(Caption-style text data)
==============================

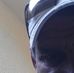 Profile Picture of David Hejduk (@david.hejduk.12) on Facebook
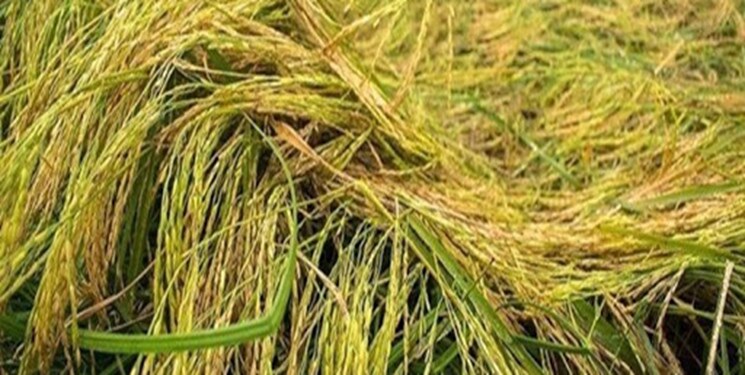 هزینه دستمزد دروی برنج در گیلان به ۵۰۰ هزار تومان رسید/ چه کسی به داد کشاورزان ستم دیده می‌رسد؟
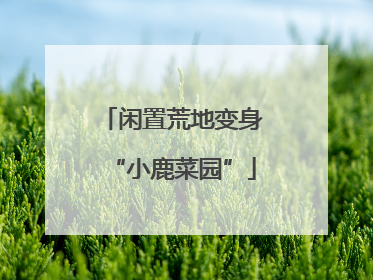 闲置荒地变身“小鹿菜园”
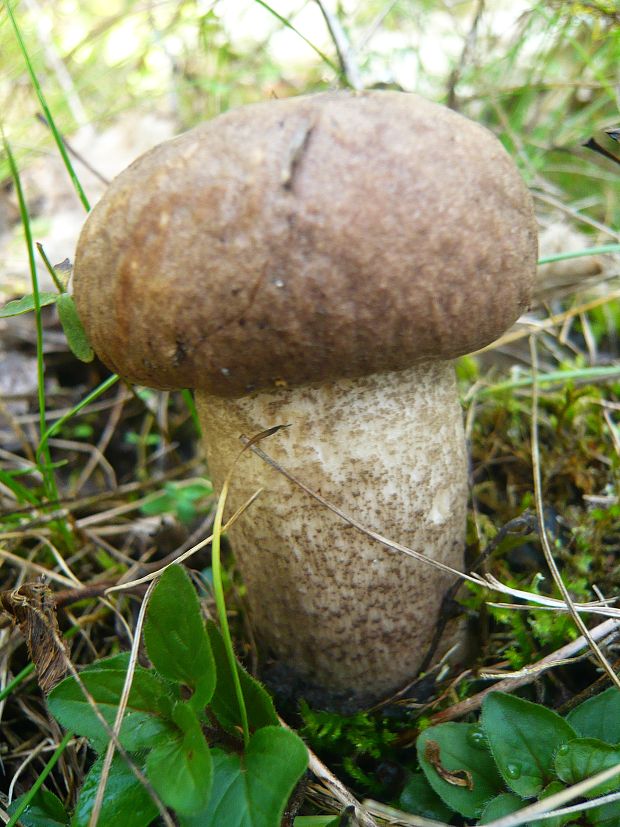 kozák topoľový f.robustná Leccinum duriusculum f. robustum  Lannoy & Estadès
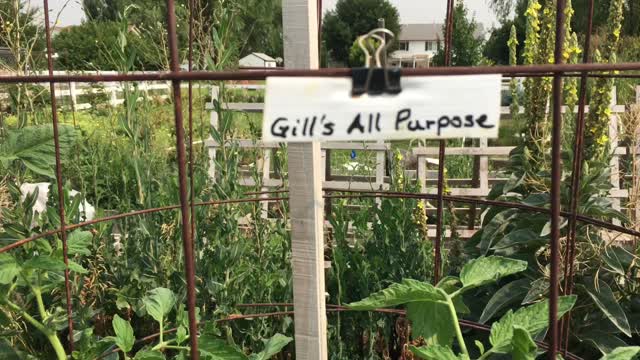 Idaho Garden Girl - 20 July 2021 - Riased bed tomatos, tomato cages, & best pen for plant tags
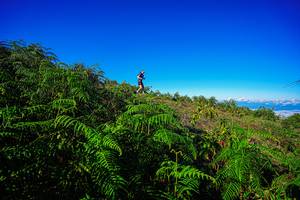 BIB: 
                            <button type="button" onclick="openModal(19371009)" class="btn btn-primary btn-sm float-right btn-popup" data-toggle="modal" data-target=".modal-high-quality">
                        <i class="fas fa-shopping-cart"></i> Add to Cart
                    </button>
                                            <button type="button" onclick="isThisMe(19371009, true)" class="btn btn-success btn-sm float-right btn-popup btn-isme hidden" data-toggle="tooltip" data-placement="bottom" title="นี่คือรูปของคุณใช่ไหม คลิกที่นี่เพื่อเอาเข้าอัลบั้ม">
                        <i class="fas fa-plus"></i> Add to album
                    </button>
                    <button type="button" onclick="isThisMe(19371009, false)" class="btn btn-warning btn-sm float-right btn-popup btn-isnotme hidden">
                        <i class="fas fa-ban"></i> Remove from album
                    </button>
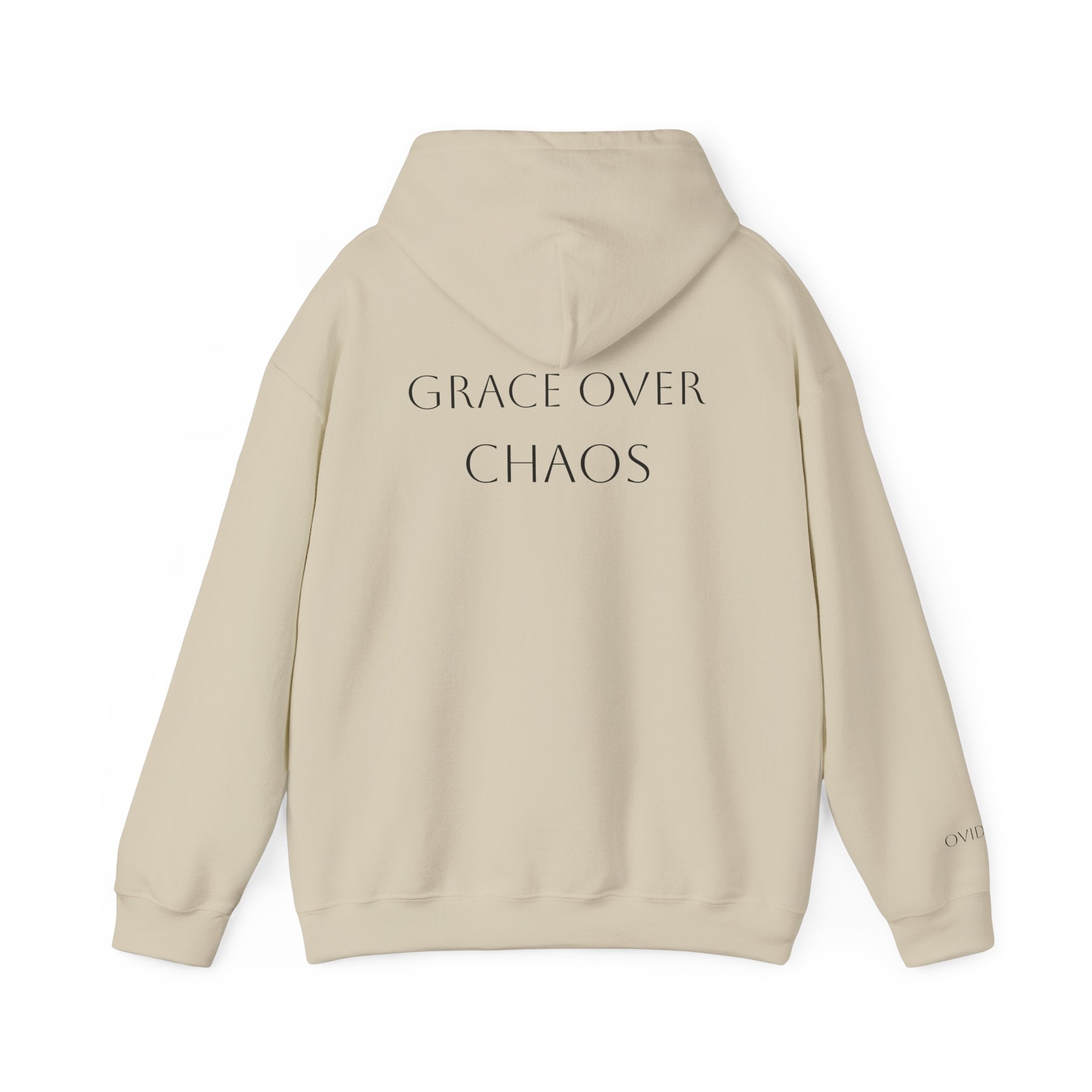 Embrace the Chaos Hoodie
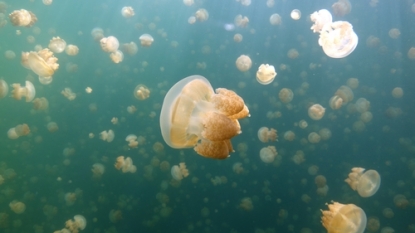 Study reveals how Jellyfish and Lampreys move with Great Efficiency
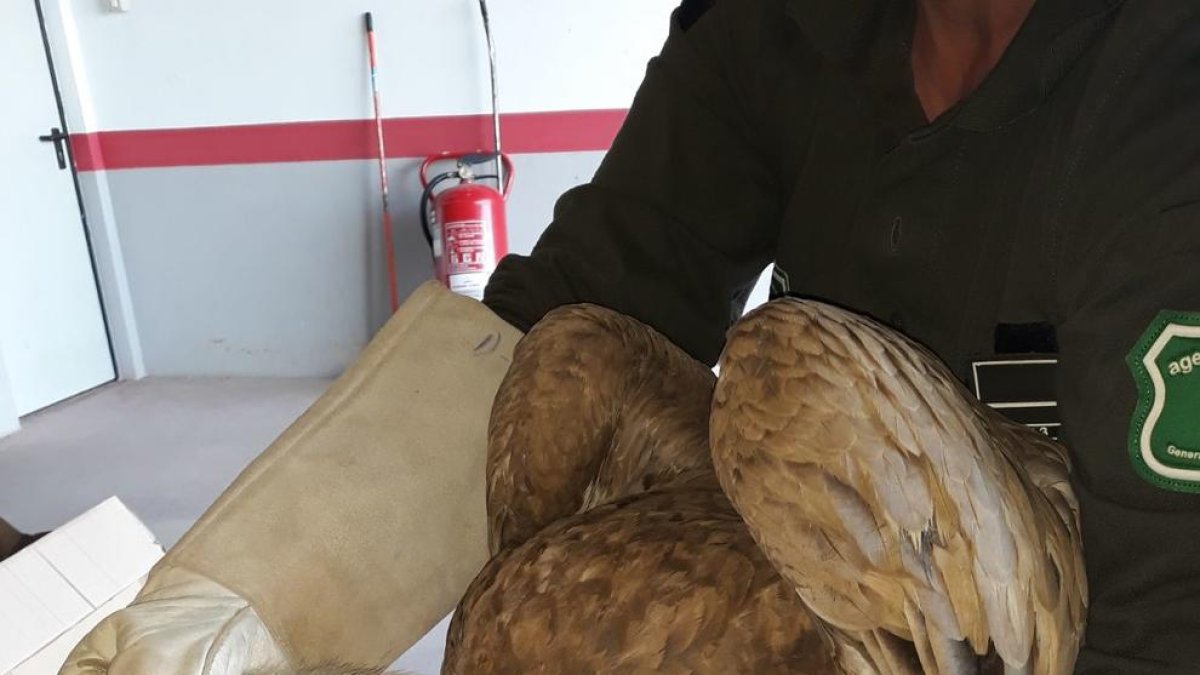 Imatge de l’exemplar de voltor capturat pels Agents Rurals.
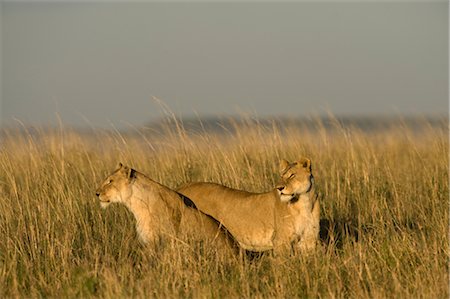 Lionesses in Long Grass Stock Photo - Rights-Managed, Code: 700-02686613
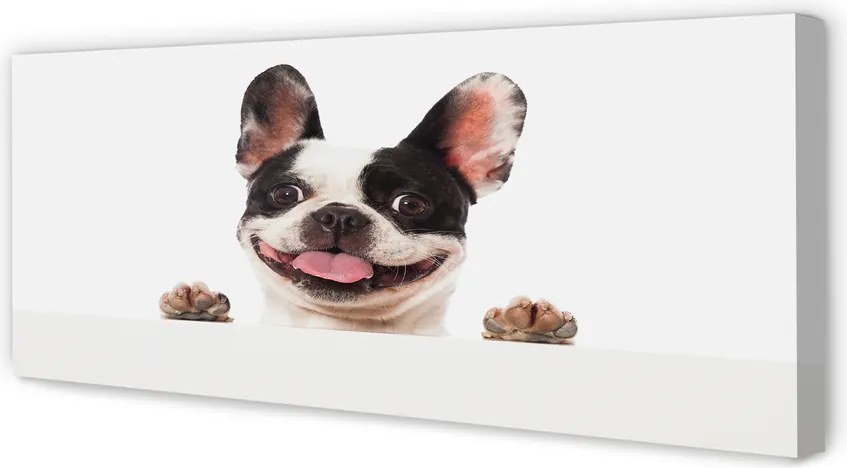 Obraz drukowany na płótnie Portret Psa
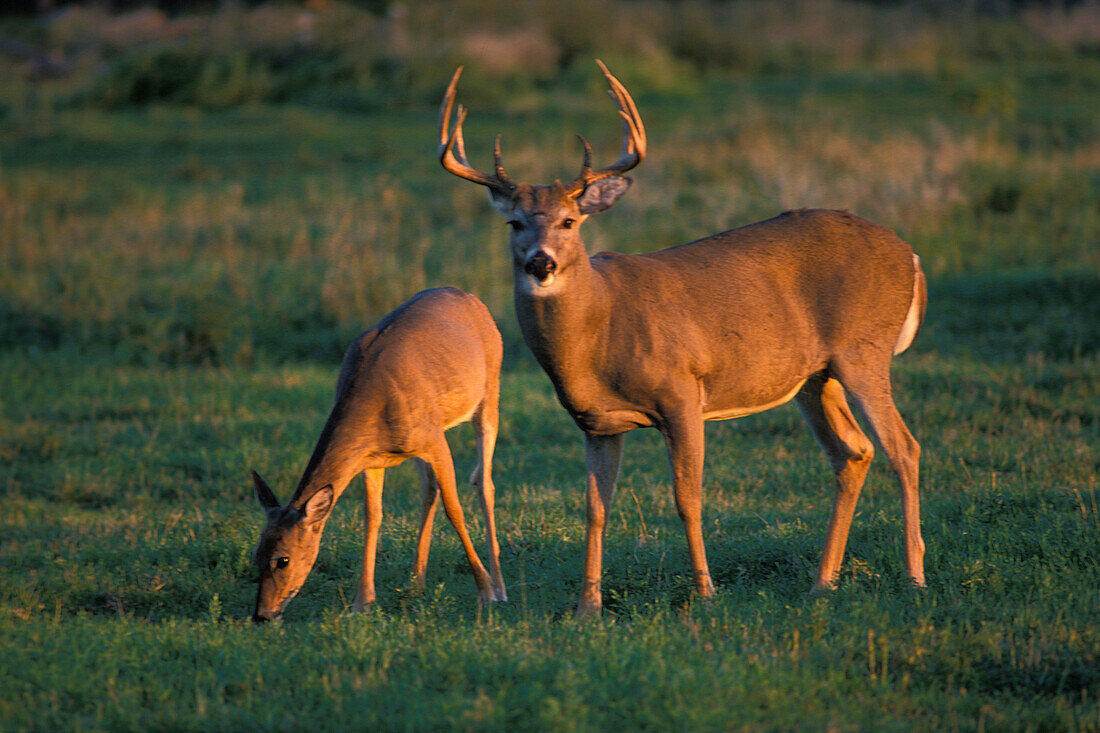White-tailed Deer buck and doe pair ( Odocoileus virginianus ) Whitetail in grass landscape with warm sunset light southern Manitoba Canada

==============================

(Exercise objective)
Where the line containing "Embrace the Chaos Hoodie" appears, begin copying there and continue exactly through the final line of the records; both end lines belong in the copy, pictures do not.

(Exercise output)
 Embrace the Chaos Hoodie
 Study reveals how Jellyfish and Lampreys move with Great Efficiency
 Imatge de l’exemplar de voltor capturat pels Agents Rurals.
 Lionesses in Long Grass Stock Photo - Rights-Managed, Code: 700-02686613
 Obraz drukowany na płótnie Portret Psa
White-tailed Deer buck and doe pair ( Odocoileus virginianus ) Whitetail in grass landscape with warm sunset light southern Manitoba Canada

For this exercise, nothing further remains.